Dans la bande de Gaza, enclave palestinienne où plus de deux millions de personnes s’entassent sur 365 kilomètres carrés, une des densités de population les plus fortes au monde, les guerres se succèdent et le blocus dure depuis quinze ans. Plus qu’ailleurs, les inégalités entre les femmes et les hommes y sont énormes. Malgré les obstacles, malgré les règles, certaines dansent la dabkeh pour conjurer l’adversité.
Dans cette salle privée aux abords de la ville de Gaza, une vingtaine de jeunes filles pratiquent la dabkeh, cette danse traditionnelle du Levant. Elles se tiennent la main, sautent et tapent au sol frénétiquement avec leurs pieds, en musique, répétant les mêmes gestes à la perfection, sous les encouragements de leur coach Mohammad Obaid, surnommé « Samara ».
Malgré les obstacles d’une société plutôt conservatrice, malgré les règles imposées par les autorités locales de cette bande de terre côtière qui leur interdit cette pratique après un certain âge, ces filles et leur entraîneur continuent. Une manière de résister, de s’affirmer, de prouver qu’elles peuvent, elles aussi, avoir les mêmes droits.
« L’un des aspects les plus importants de la culture palestinienne, c’est la dabkeh, expose Mohammad Obaid. Donc, les élèves veulent l’apprendre, c’est un message fort et une manière de préserver le folklore palestinien. Mais à Gaza, c’est très dur pour les femmes, enfin pour les filles en général. Nous sommes le seul club ici à les accueillir. »
Car le Hamas, au pouvoir dans l’enclave depuis 2007, a fixé une règle stricte. Il interdit aux filles de plus de douze ans de participer à des représentations publiques. Elles ne peuvent pas danser la dabkeh lors de festivals en extérieur, ni faire de représentations sur la plage.
C’est ce qu’explique Khawla, treize ans : « Parfois, ça m’énerve, et puis après, je me dis qu’un jour ça va changer et qu’on va nous laisser, nous les filles, danser hors de cette salle.
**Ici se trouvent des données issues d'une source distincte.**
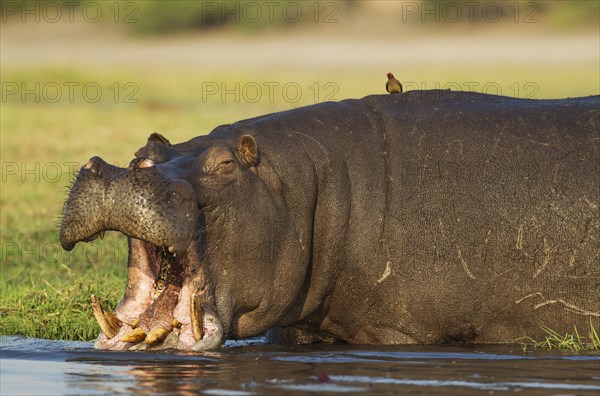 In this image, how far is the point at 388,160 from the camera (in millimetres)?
6602

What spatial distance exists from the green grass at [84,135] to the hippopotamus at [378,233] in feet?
4.18

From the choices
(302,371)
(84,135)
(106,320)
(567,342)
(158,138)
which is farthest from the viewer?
(84,135)

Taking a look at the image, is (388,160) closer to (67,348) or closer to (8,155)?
(67,348)

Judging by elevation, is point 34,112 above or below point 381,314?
above

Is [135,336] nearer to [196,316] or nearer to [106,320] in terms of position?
[106,320]

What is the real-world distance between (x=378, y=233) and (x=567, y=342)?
3.30 feet

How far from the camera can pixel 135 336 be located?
241 inches

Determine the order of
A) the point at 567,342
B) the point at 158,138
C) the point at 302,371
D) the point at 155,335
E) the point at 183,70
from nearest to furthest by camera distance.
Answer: the point at 302,371 → the point at 155,335 → the point at 567,342 → the point at 158,138 → the point at 183,70

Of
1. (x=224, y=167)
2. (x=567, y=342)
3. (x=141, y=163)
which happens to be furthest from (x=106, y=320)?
(x=567, y=342)

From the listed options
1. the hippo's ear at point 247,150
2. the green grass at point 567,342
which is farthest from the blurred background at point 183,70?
the green grass at point 567,342

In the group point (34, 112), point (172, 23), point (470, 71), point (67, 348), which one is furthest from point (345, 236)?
point (172, 23)

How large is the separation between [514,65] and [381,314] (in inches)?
831

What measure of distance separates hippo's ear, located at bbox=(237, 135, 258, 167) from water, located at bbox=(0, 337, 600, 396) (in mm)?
891

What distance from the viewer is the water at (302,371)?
5.31 m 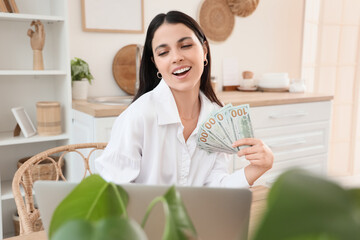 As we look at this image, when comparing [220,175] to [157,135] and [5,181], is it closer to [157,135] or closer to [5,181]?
[157,135]

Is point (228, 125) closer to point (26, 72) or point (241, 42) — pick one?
point (26, 72)

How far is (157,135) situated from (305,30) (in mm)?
2944

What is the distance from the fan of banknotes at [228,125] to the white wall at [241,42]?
166 cm

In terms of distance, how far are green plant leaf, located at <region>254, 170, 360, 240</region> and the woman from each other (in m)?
1.13

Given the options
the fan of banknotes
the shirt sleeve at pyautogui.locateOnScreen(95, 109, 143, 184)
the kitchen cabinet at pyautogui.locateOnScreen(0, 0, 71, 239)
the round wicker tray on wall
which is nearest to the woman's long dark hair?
the shirt sleeve at pyautogui.locateOnScreen(95, 109, 143, 184)

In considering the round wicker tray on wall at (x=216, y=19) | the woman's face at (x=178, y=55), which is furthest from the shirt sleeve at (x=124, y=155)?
the round wicker tray on wall at (x=216, y=19)

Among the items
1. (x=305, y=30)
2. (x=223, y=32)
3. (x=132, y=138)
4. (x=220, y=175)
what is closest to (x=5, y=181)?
(x=132, y=138)

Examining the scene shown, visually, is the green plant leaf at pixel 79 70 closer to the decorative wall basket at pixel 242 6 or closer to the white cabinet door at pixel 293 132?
the white cabinet door at pixel 293 132

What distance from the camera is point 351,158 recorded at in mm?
4195

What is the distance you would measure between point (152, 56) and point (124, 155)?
47 centimetres

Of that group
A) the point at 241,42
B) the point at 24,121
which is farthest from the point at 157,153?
the point at 241,42

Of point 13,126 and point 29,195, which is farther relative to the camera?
point 13,126

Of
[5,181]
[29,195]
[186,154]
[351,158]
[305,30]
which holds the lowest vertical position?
[351,158]

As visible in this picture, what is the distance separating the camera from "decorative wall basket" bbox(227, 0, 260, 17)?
10.7 ft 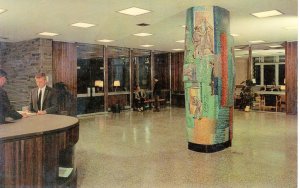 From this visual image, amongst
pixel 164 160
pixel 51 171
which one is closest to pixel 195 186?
pixel 164 160

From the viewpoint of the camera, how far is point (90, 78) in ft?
45.8

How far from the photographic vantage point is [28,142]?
3174mm

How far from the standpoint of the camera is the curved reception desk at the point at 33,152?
3047mm

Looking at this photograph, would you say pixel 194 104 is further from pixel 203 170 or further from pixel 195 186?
pixel 195 186

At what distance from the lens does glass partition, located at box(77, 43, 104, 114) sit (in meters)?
13.0

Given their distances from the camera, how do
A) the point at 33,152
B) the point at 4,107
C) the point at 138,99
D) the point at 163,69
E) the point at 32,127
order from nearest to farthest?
the point at 33,152
the point at 32,127
the point at 4,107
the point at 138,99
the point at 163,69

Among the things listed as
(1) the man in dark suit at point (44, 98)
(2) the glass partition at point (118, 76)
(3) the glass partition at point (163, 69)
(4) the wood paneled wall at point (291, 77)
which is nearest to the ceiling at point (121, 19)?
(4) the wood paneled wall at point (291, 77)

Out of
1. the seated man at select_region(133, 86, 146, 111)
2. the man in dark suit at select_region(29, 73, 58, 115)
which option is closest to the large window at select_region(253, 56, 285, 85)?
the seated man at select_region(133, 86, 146, 111)

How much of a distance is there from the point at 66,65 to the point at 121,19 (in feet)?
16.4

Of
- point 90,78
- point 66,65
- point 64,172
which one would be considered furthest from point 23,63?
point 64,172

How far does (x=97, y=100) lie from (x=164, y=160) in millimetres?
8339

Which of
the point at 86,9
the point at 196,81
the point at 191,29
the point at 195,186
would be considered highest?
the point at 86,9

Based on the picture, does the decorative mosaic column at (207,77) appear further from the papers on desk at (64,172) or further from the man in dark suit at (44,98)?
the papers on desk at (64,172)

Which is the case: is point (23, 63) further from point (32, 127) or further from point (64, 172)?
point (32, 127) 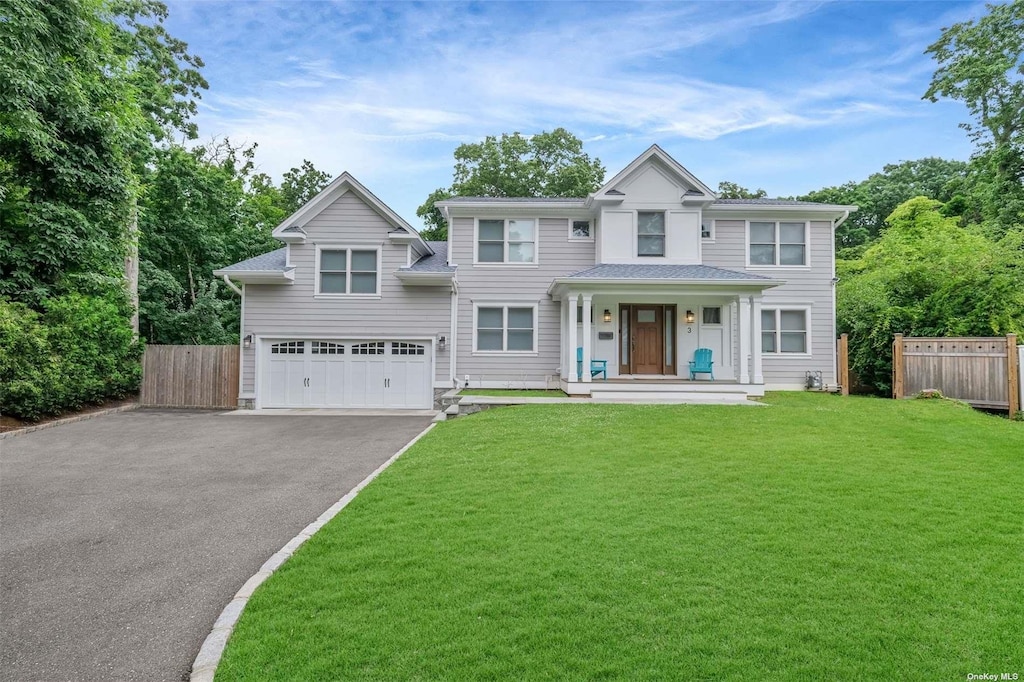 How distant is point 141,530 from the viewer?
5082 mm

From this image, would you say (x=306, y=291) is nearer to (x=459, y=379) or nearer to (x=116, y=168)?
(x=459, y=379)

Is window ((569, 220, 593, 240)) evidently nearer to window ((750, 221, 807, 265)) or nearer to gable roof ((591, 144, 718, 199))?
gable roof ((591, 144, 718, 199))

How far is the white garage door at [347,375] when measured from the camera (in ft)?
51.3

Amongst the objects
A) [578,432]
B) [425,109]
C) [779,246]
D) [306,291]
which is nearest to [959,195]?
[779,246]

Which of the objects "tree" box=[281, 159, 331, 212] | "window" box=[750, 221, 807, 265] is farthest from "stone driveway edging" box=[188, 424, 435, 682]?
"tree" box=[281, 159, 331, 212]

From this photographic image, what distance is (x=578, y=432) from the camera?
888 centimetres

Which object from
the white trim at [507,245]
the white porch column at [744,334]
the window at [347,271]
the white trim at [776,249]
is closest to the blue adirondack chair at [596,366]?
the white trim at [507,245]

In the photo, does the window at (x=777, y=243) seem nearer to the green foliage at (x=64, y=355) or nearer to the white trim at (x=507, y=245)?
the white trim at (x=507, y=245)

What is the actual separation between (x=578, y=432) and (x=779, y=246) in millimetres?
11434

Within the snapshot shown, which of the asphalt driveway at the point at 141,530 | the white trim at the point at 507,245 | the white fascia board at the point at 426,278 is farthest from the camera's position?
the white trim at the point at 507,245

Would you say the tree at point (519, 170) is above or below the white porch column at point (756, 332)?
above

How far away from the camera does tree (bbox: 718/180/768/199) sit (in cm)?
3509

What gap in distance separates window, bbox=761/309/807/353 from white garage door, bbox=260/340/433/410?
1055cm

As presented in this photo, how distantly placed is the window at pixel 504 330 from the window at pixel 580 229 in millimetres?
2705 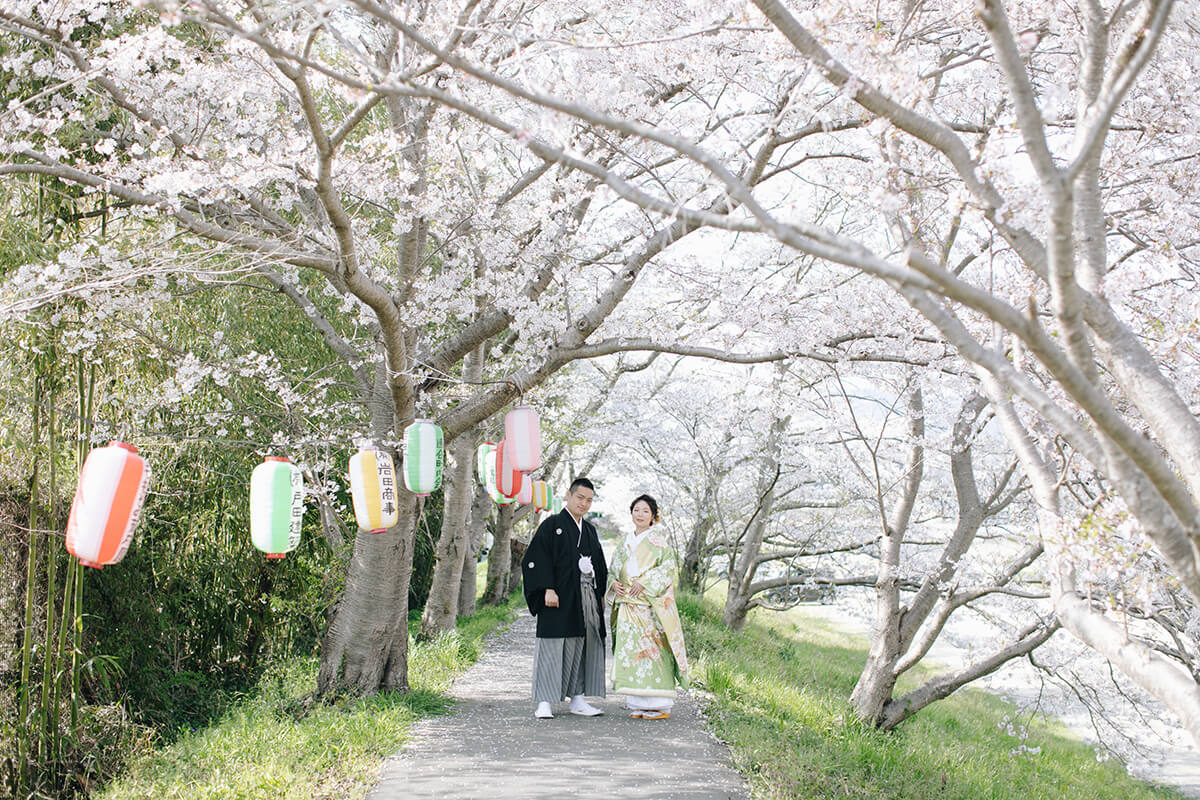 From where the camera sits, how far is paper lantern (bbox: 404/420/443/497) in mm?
5863

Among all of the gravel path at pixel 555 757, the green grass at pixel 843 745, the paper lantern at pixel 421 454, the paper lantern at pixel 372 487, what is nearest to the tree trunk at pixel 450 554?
the green grass at pixel 843 745

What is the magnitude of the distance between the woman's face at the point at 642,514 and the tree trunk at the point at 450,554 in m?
4.00

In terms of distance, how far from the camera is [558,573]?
6535 millimetres

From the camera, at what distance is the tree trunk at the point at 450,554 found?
414 inches

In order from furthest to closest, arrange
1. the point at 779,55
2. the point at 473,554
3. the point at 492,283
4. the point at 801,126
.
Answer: the point at 473,554 → the point at 492,283 → the point at 801,126 → the point at 779,55

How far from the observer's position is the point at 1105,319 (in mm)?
2439

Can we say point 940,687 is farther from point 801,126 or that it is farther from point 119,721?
point 119,721

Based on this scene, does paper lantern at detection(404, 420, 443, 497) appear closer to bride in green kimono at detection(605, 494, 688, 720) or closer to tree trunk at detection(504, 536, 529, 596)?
bride in green kimono at detection(605, 494, 688, 720)

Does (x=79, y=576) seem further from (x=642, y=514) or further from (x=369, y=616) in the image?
(x=642, y=514)

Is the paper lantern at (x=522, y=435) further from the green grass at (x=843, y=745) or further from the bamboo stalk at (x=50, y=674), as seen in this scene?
the bamboo stalk at (x=50, y=674)

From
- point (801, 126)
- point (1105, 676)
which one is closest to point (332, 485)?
point (801, 126)

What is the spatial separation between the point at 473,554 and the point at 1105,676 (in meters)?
9.38

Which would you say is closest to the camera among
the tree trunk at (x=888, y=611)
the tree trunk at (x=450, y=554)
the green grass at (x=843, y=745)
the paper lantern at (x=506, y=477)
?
the green grass at (x=843, y=745)

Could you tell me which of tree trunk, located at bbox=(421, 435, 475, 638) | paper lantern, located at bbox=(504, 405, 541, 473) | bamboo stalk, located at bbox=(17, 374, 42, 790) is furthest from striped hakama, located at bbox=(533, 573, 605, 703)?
tree trunk, located at bbox=(421, 435, 475, 638) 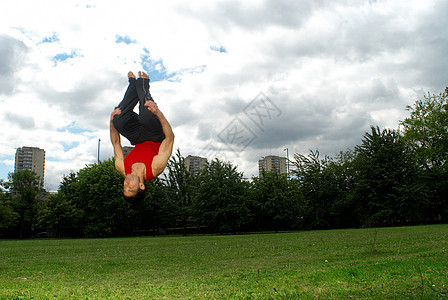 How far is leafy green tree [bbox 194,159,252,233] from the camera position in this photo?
4109 cm

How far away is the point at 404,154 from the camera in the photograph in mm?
45375

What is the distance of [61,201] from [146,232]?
41.1ft

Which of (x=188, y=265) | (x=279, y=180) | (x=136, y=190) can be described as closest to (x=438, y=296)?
(x=136, y=190)

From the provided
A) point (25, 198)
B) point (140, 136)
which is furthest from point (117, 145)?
point (25, 198)

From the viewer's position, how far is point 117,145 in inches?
244

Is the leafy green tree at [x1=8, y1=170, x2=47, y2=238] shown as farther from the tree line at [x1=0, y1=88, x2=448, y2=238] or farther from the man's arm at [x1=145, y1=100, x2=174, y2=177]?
the man's arm at [x1=145, y1=100, x2=174, y2=177]

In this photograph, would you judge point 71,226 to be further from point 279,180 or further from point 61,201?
point 279,180

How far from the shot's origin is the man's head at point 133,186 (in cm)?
572

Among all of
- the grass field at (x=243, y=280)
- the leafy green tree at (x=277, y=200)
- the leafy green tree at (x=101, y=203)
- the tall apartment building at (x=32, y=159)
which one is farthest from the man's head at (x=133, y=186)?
the tall apartment building at (x=32, y=159)

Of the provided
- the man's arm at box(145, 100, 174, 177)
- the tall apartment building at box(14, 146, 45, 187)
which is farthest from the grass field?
the tall apartment building at box(14, 146, 45, 187)

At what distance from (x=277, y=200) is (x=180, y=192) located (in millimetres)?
12409

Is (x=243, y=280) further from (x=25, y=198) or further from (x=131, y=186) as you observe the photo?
(x=25, y=198)

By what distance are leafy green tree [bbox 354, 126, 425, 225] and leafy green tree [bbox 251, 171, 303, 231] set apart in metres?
8.73

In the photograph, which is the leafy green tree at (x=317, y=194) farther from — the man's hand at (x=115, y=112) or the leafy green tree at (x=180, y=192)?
the man's hand at (x=115, y=112) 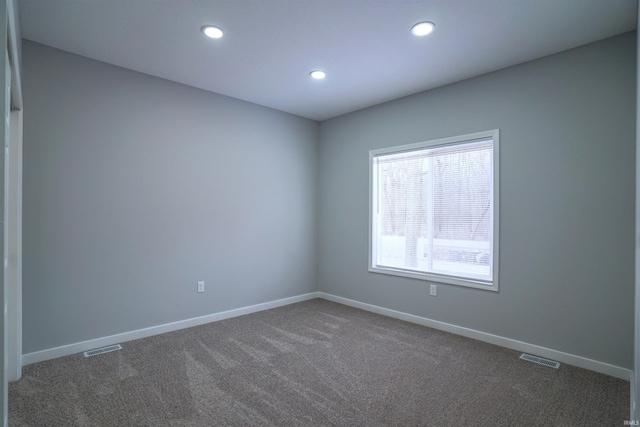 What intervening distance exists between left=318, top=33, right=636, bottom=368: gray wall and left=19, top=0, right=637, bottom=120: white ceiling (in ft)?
0.79

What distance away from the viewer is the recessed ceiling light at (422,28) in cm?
257

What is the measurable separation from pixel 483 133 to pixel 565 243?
4.14 feet

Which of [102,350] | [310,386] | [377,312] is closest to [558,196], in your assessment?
[377,312]

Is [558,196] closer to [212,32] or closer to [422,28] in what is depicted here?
[422,28]

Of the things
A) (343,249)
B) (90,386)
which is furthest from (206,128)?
(90,386)

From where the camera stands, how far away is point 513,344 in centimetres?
322

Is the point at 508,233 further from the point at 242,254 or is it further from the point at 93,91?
the point at 93,91

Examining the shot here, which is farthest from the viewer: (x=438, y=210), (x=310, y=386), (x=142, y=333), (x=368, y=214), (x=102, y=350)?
(x=368, y=214)

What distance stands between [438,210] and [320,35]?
2232 millimetres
Je voudrais savoir pourquoi les autorités nous empêchent de danser. Il devrait y avoir une égalité entre les filles et les garçons, on devrait tous avoir les mêmes droits. »
Alors, elles dansent malgré les obstacles, font des vidéos, des spectacles devant leurs familles. Et elles espèrent en inspirer d’autres. « C’est aussi une forme de résistance, et grâce à ça, on a de plus en plus de demandes de filles qui veulent rejoindre l’équipe », confie l’entraîneur.
Dans ce groupe, il y a aussi deux garçons. « Car la dabkeh, conclut Samara, même si les autorités ne veulent pas en entendre parler, traditionnellement, c’est mixte ».